Saved entries
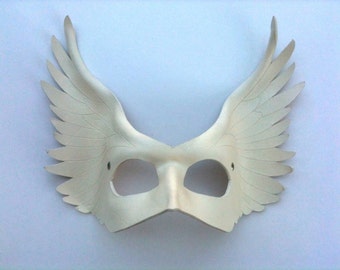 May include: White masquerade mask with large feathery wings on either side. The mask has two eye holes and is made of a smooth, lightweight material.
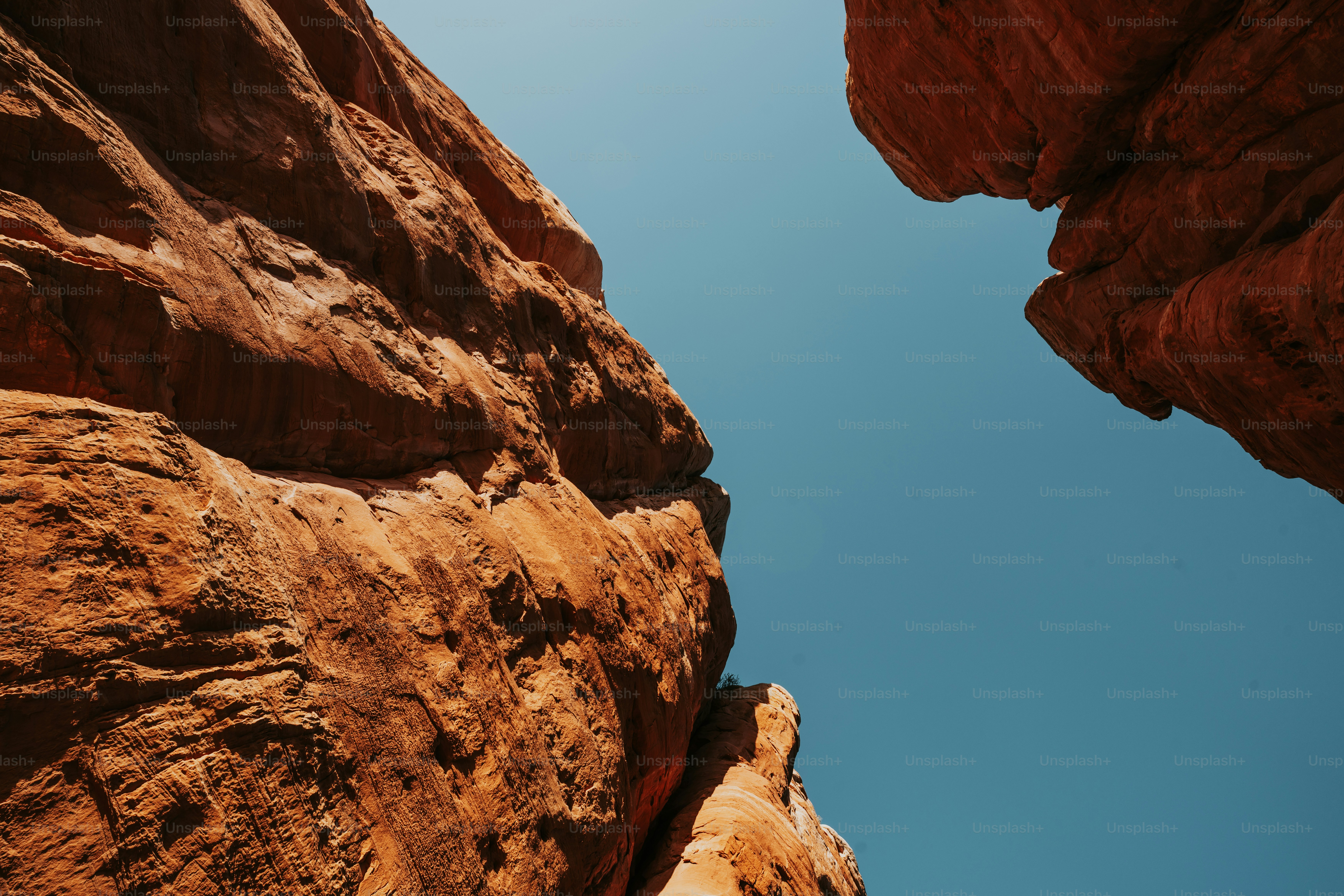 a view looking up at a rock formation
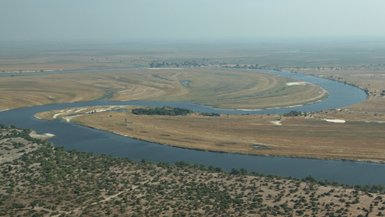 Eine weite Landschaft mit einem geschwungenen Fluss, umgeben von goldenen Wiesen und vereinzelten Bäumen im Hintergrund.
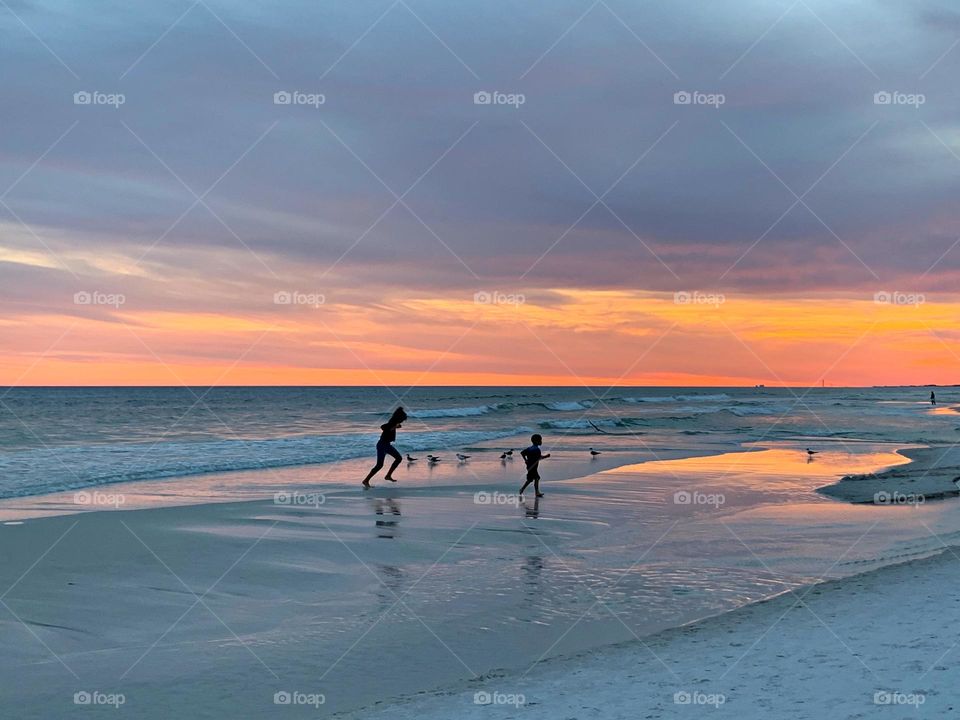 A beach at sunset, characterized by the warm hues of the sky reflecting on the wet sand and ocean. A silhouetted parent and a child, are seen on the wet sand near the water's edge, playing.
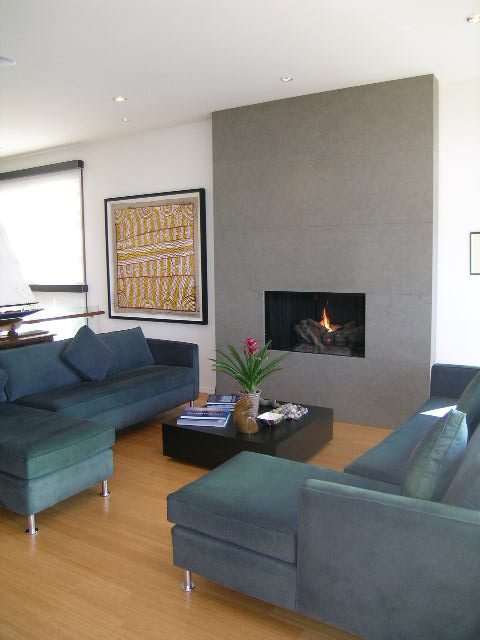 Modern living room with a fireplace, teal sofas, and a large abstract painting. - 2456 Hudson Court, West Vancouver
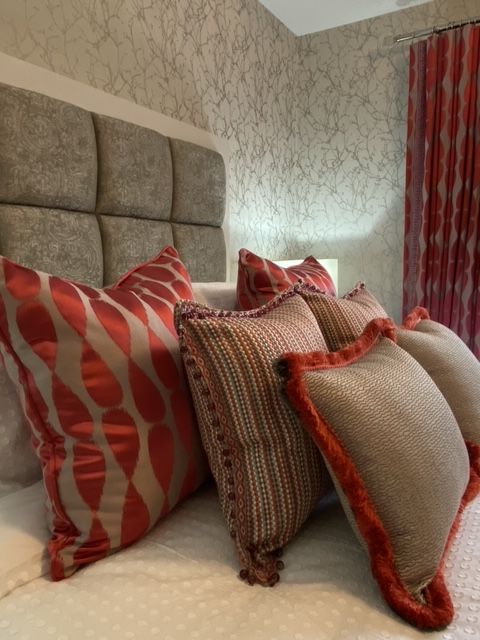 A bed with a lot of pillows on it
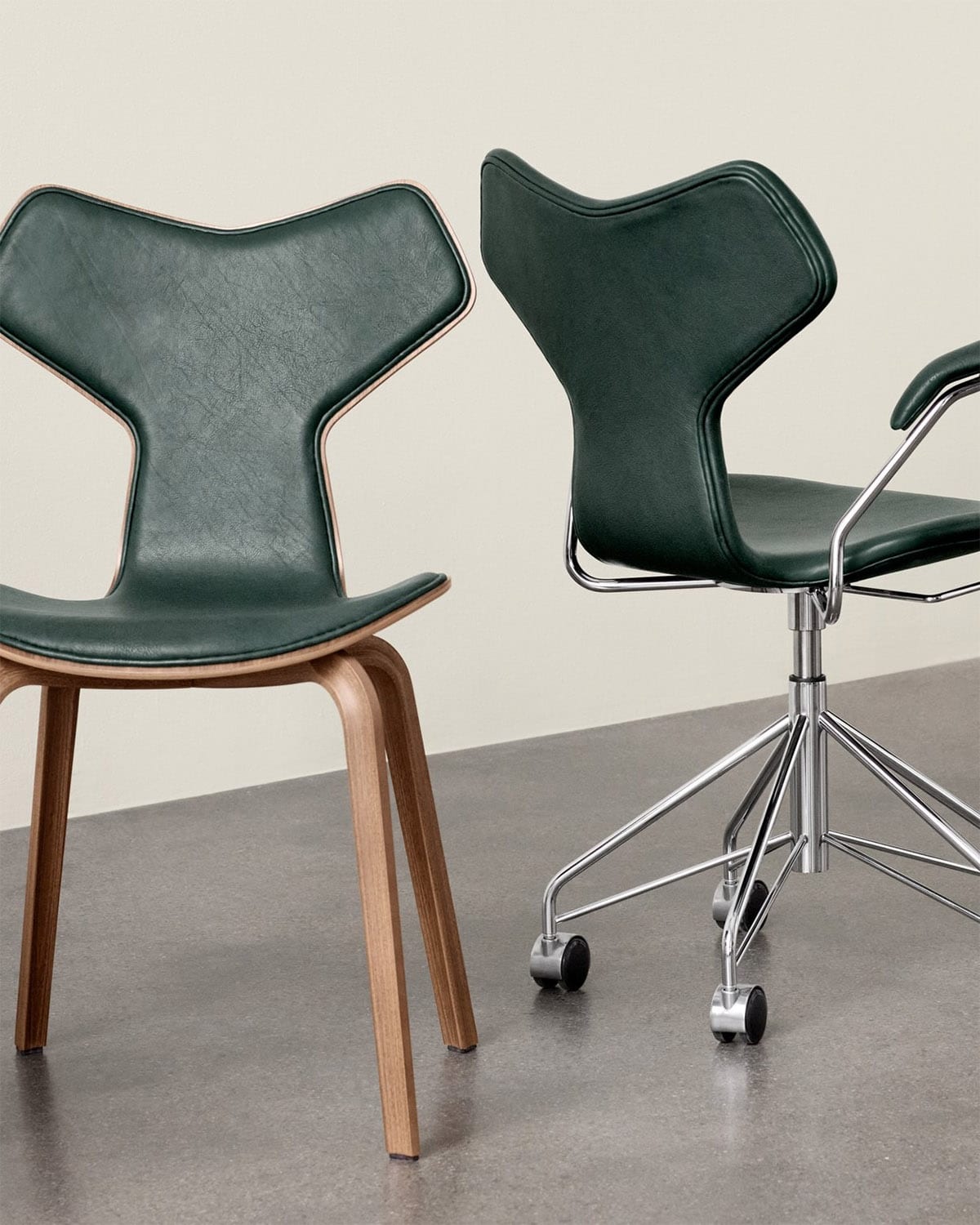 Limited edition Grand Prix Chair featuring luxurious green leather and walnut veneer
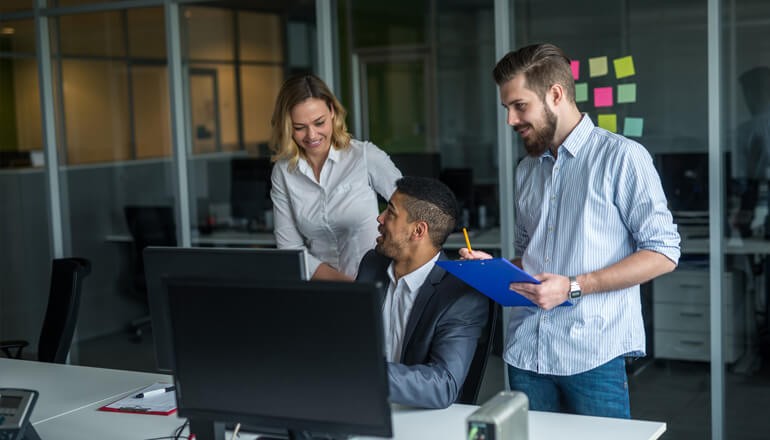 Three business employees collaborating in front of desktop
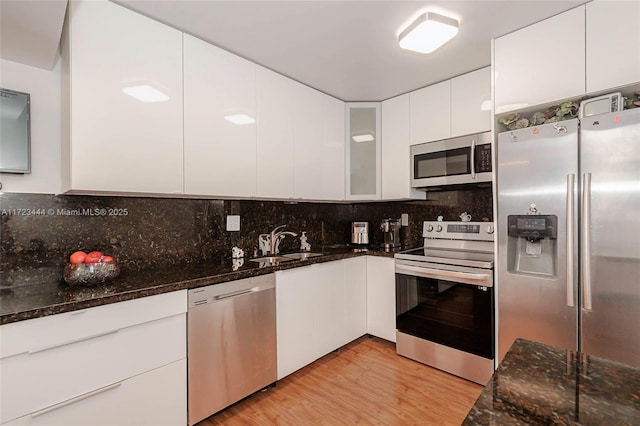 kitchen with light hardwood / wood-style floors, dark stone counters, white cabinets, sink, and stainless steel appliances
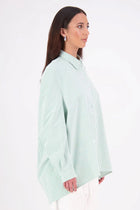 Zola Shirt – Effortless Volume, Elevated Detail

> **Aim of the exercise**
The entries must be repeated exactly. Leave the images out.

> **Output for this task**
 May include: White masquerade mask with large feathery wings on either side. The mask has two eye holes and is made of a smooth, lightweight material.
 a view looking up at a rock formation
 Eine weite Landschaft mit einem geschwungenen Fluss, umgeben von goldenen Wiesen und vereinzelten Bäumen im Hintergrund.
 A beach at sunset, characterized by the warm hues of the sky reflecting on the wet sand and ocean. A silhouetted parent and a child, are seen on the wet sand near the water's edge, playing.
 Modern living room with a fireplace, teal sofas, and a large abstract painting. - 2456 Hudson Court, West Vancouver
 A bed with a lot of pillows on it
 Limited edition Grand Prix Chair featuring luxurious green leather and walnut veneer
 Three business employees collaborating in front of desktop
 kitchen with light hardwood / wood-style floors, dark stone counters, white cabinets, sink, and stainless steel appliances
 Zola Shirt – Effortless Volume, Elevated Detail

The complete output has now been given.